ハラスメントの「証拠集め」に要した費用は請求可能か?

ハラスメントの証拠を集めるために
購入したボイスレコーダー代、病院で書いてもらった診断書代…。これらの費用について、
「これは後で会社に請求できるのだろうか?」
と不安に思うことはありませんか?
泣き寝入りせず、法的に問題を解決するためには証拠が不可欠ですが、そのための出費が自己負担になっては元も子もありません。
この記事では、証拠集めに要した実費が、法的に「損害賠償」の一部として認められる可能性があるのか、その非常に高いハードルと条件について解説します。
【請求が認められやすい費用】の具体例
裁判所が損害賠償の一部として費用を認めるかどうかは、その費用と「ハラスメントとの因果関係」が明確であるかが最大のポイントです。

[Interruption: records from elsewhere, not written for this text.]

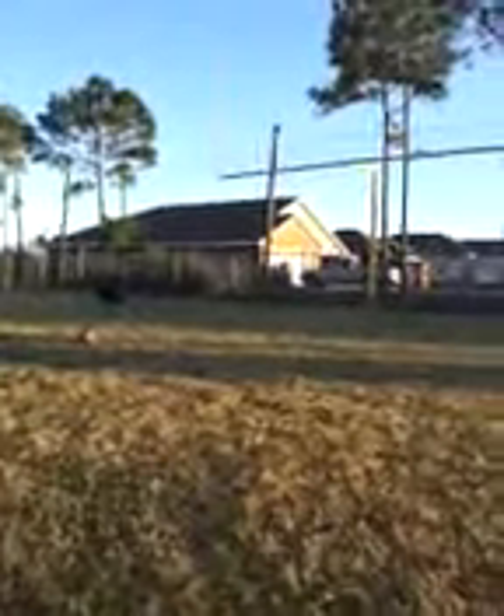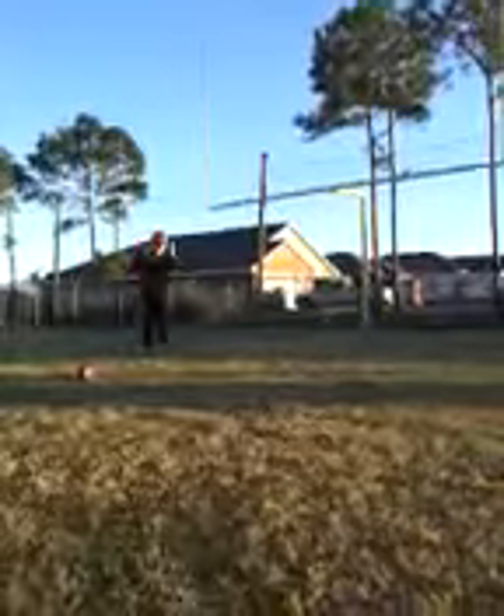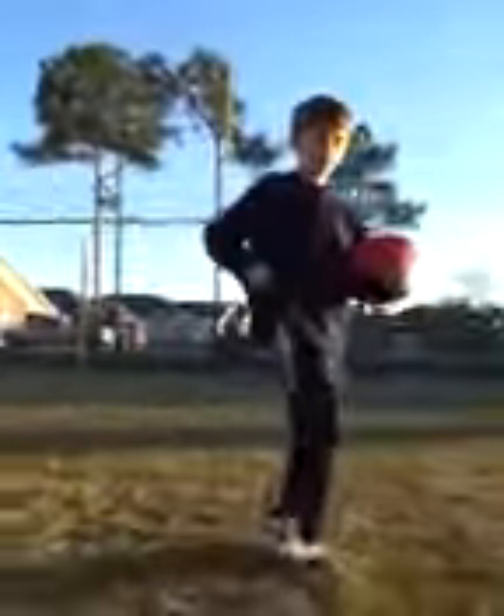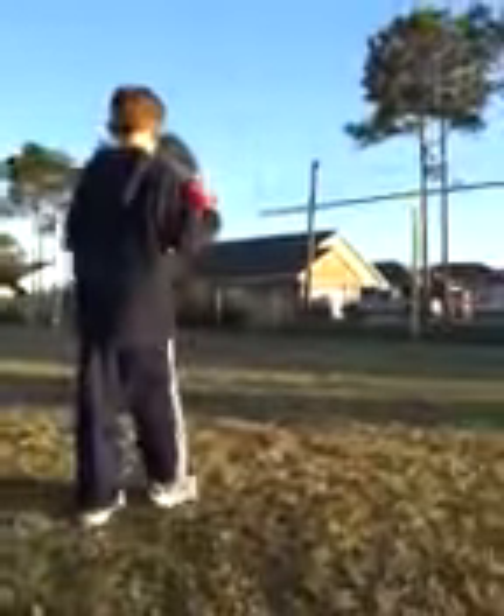Nice catch! All right, so here we are. Jacob has been practicing his punting skills. We're gonna try to put it on video for YouTube, but we realize that sometimes when you try to do things when somebody's trying to video them, it doesn't work as well. But we're gonna give it a shot anyhow.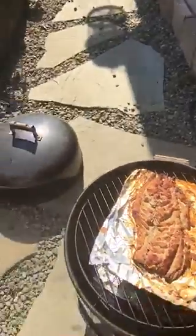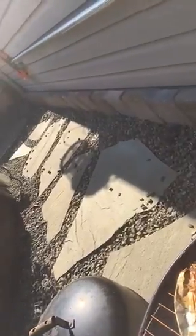There we go. So this is one — it's a nice golden and brown color. I tasted a little piece of it and it was really good.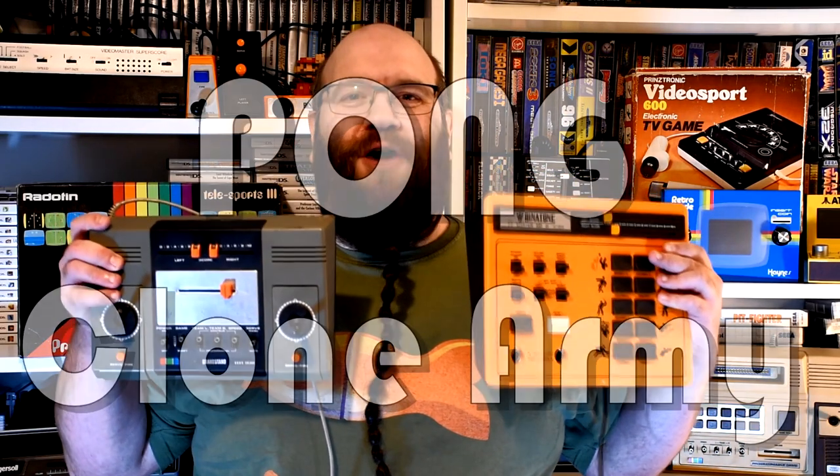Welcome to Goldfish on Games, where it's finally time to reveal the Pong Clone Army.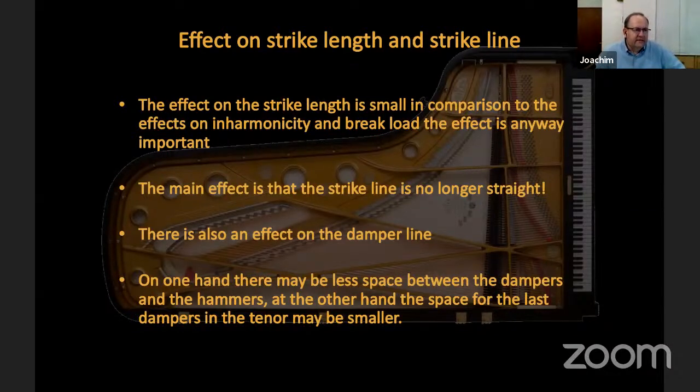Where the dampers in the low tenor area are already very small, it can force them to be made even smaller, but that's not a typical grand piano problem. When hammers are hung in a bow, it has a massive effect on the geometry of the action and on the weight of the hammers and the playability — so that's more reason to avoid these things.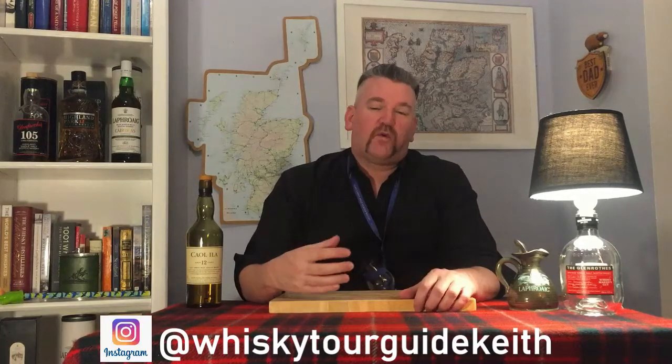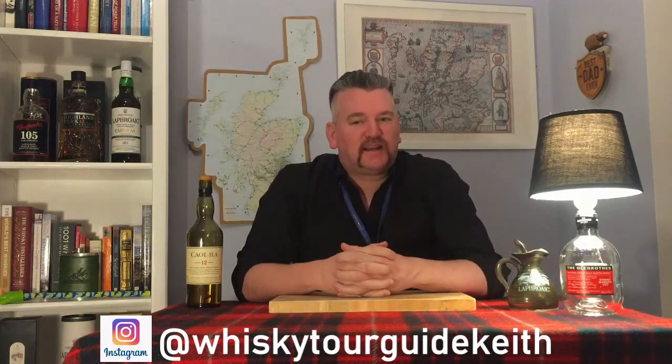Hello and welcome to Keith's Whiskey Vlog. What we're going to do in this video is a little tutorial on how to taste whiskey. I'm not going to tell you how to drink whiskey — how you drink your whiskey is entirely up to you. This is all about how to get the best out of tasting a whiskey. Once you've tasted it and decided what you do or don't like, drink it how you like and enjoy it responsibly.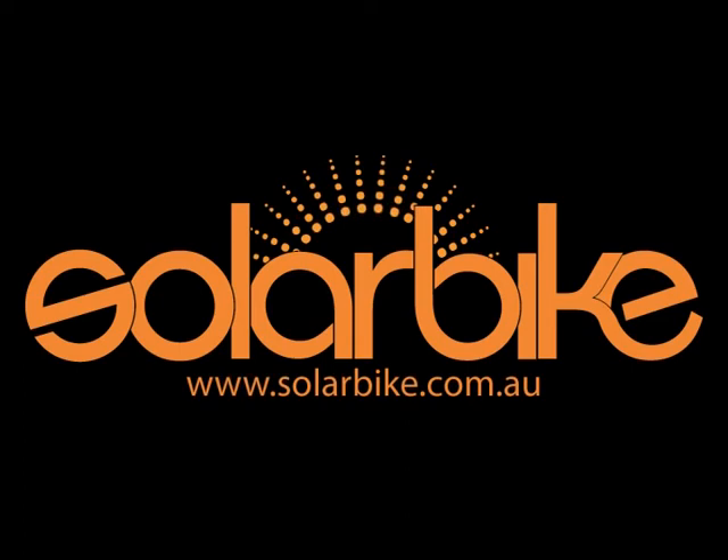Hello, I'm Matthew from SolarBike. I'm just showing a few slides of a recent trip I went to China to the motor factory. I'd just like to show some brief description of what they actually do in the motor factory to make the motors.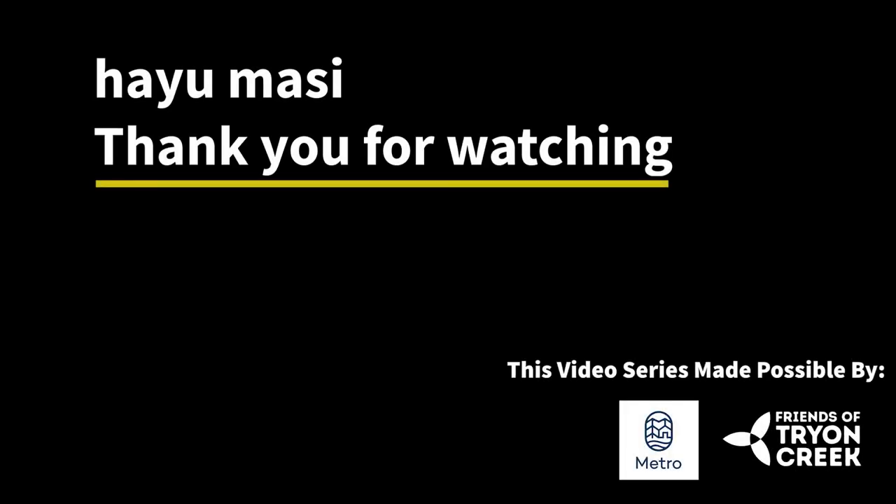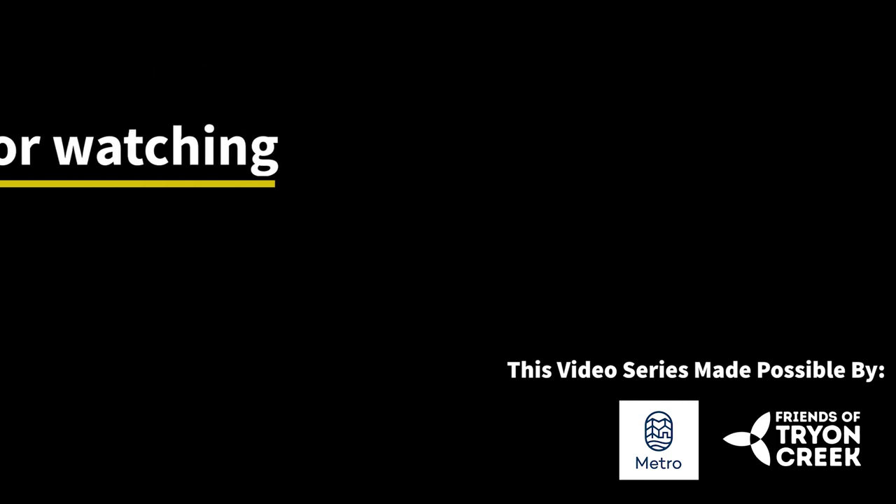Hayumasi — thank you for joining me again this week. I hope you really enjoyed and learned a little bit about cedar and what I know about it and how I use it. Hopefully these medicines are able to help you and your family during these times, keep you protected, and keep you connected to that culture and the world around you. Hayumasi, thank you. I'll see you next time.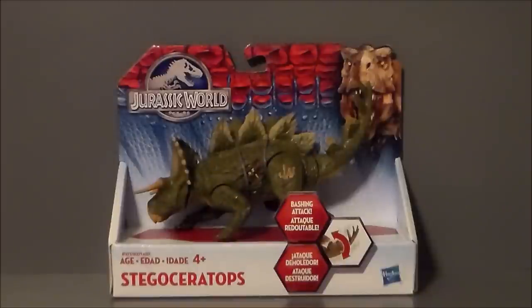Hey guys, Ultramaximus back with another toy review. Today we're taking a look at a Jurassic World figure, and it's the Stegoceratops.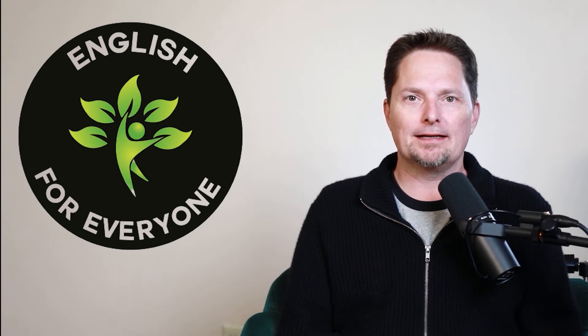Hello, and welcome to English for Everyone, where we practice real-life American English. Today, we're going to learn to avoid some important mistakes. So let's get started.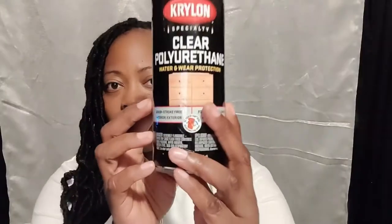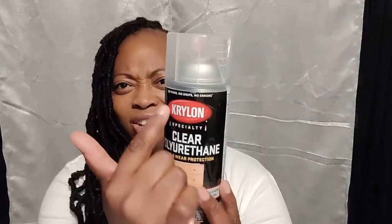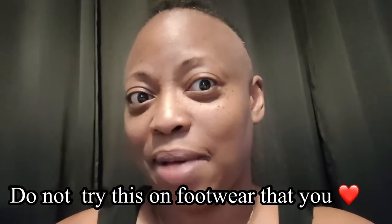I wore them for about a week or two before spraying any sort of sealer on it. I totally believe I got the wrong sealer but that was the only thing available at my local hardware store, so I just wanted to see if it worked. I chose not to do this on footwear I felt completely connected to — I did not want to get it messed up.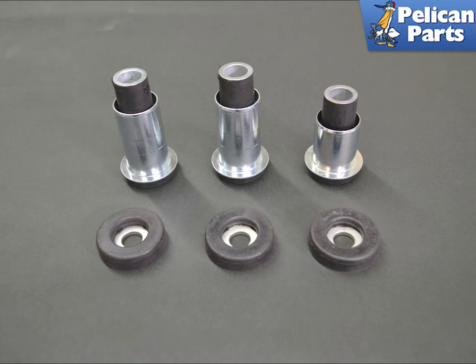Torque the upper diagonal nut to 23 Nm or 17 ft-lbs. Torque the transverse strut to 65 Nm or 48 ft-lbs. You will now need to get your car aligned.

補足:しかし、実務・判例上、すべての費用が自動的に請求できるわけではなく、個別の事情・金額・機材の種類・購入時期などが慎重に見られます。
- 医師の診断書作成費用
⇒ ハラスメントが原因で精神疾患(うつ病、適応障害など)を発症したことを証明する医学的証拠として、必要不可欠な費用です - ボイスレコーダー等の購入費用
⇒ パワハラやセクハラの言動を記録するために、必要最低限の機材(ボイスレコーダーや小型カメラ)を購入した費用です- ※ただし、「必要かつ相当」と認められる機材・金額かどうかは、証拠提出・整理状況・勤務環境等により異なります。
- 専門家への相談費用
⇒ 弁護士や専門家へ、ハラスメントの解決を目的として相談した際の法律相談料の一部です- ※弁護士費用を損害賠償として請求できるかどうかは、請求構成・実務上の判断が分かれており、必ずしも全額認められるわけではありません。
🔑 ワンポイント
請求の可否は、その費用が「ハラスメント被害を立証するために必要だった」と合理的に説明できるかどうかにかかっています
【請求が認められにくい費用】とその理由
一方で、請求は可能ですが、裁判所に「必要性・相当性」が認められにくい費用もあります。これらは「やりすぎ」と判断されるリスクがあるため注意が必要です。
- 高額すぎる調査費用
⇒ 探偵や興信所に依頼した高額な調査費用は、ハラスメント立証のために「そこまでする必要があったか」という点で争いになりやすく、損害として認められないとする判例もあります - 過剰な機材費
⇒ ボイスレコーダーであっても、不必要に高性能・高額なモデルや、複数台の購入費用は、全額が認められない可能性があります - 因果関係が不明瞭な費用
⇒ 弁護士事務所への交通費や、証拠整理のための文房具代など、ハラスメントとの直接的な因果関係を証明しにくい費用です
🌈 ちょっと一息
「認められにくい費用」も、弁護士の主張次第では認められる可能性は残されています
費用を請求するために必須の「2つの条件」
証拠集めの実費を損害賠償として認めさせるためには、法的な条件をクリアし、その証拠を提示する必要があります。
1. 「必要性」と「相当性」の主張
裁判所は、その費用がハラスメントの証拠収集のために「本当に必要だったか(必要性)」、そしてその金額が「常識の範囲内か(相当性)」を厳しく判断します。
- 必要性の主張
⇒ 「ボイスレコーダーがなければ、密室での暴言を立証できなかった」 - 相当性の主張
⇒ 「一般的な価格帯の機器を選んだ」
2. 「領収書」の絶対的な保管
これらの主張を裏付けるために、すべての領収書やレシートを必ず保管してください。
- 証拠としての領収書
⇒ 領収書がなければ、いくら費用がかかったのかを客観的に証明できません - 弁護士との相談
⇒ どの費用が「必要最小限」として認められそうか、必ず弁護士と相談し、請求する項目を精査しましょう
まとめ
今回は、ハラスメントの証拠集めに要した実費が、損害賠償として請求可能かどうかについて解説しました。
この記事のポイント
- 証拠集めの費用は、ハラスメントとの因果関係、必要性・相当性が認められれば損害賠償の一部として請求できる可能性がある
- 診断書代やボイスレコーダー代は認められやすく、高額な調査費用は認められにくい傾向がある
- 請求のためには、すべての領収書やレシートを必ず保管し、弁護士と相談することが不可欠である
※本記事は一般的な解説であり、実際に請求可能かどうかは、事案の詳細・証拠状況・予算・法的アドバイスにより異なります。請求を検討される場合は専門家の相談をおすすめします。